Exercise data:
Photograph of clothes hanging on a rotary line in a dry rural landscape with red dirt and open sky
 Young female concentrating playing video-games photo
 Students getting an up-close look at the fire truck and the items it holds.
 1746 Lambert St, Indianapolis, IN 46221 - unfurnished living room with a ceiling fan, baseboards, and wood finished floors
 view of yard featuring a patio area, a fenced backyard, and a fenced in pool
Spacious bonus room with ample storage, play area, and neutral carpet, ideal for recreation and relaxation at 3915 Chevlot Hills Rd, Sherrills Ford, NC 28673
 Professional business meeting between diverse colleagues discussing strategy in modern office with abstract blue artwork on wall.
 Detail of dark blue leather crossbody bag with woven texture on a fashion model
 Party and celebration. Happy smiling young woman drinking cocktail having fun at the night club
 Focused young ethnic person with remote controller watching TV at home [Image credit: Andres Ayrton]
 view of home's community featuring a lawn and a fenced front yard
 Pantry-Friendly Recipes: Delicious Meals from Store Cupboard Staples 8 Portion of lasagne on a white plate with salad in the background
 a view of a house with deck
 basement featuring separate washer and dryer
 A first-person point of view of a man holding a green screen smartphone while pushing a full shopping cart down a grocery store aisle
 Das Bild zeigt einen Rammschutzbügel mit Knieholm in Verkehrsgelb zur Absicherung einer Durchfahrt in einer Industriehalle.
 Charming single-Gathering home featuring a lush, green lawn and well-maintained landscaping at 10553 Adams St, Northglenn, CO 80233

Requirement: Please restate word for word only the lines from the one with "a view of a house with deck" through the final line of the listing above, both of them included.

Task answer:
 a view of a house with deck
 basement featuring separate washer and dryer
 A first-person point of view of a man holding a green screen smartphone while pushing a full shopping cart down a grocery store aisle
 Das Bild zeigt einen Rammschutzbügel mit Knieholm in Verkehrsgelb zur Absicherung einer Durchfahrt in einer Industriehalle.
 Charming single-Gathering home featuring a lush, green lawn and well-maintained landscaping at 10553 Adams St, Northglenn, CO 80233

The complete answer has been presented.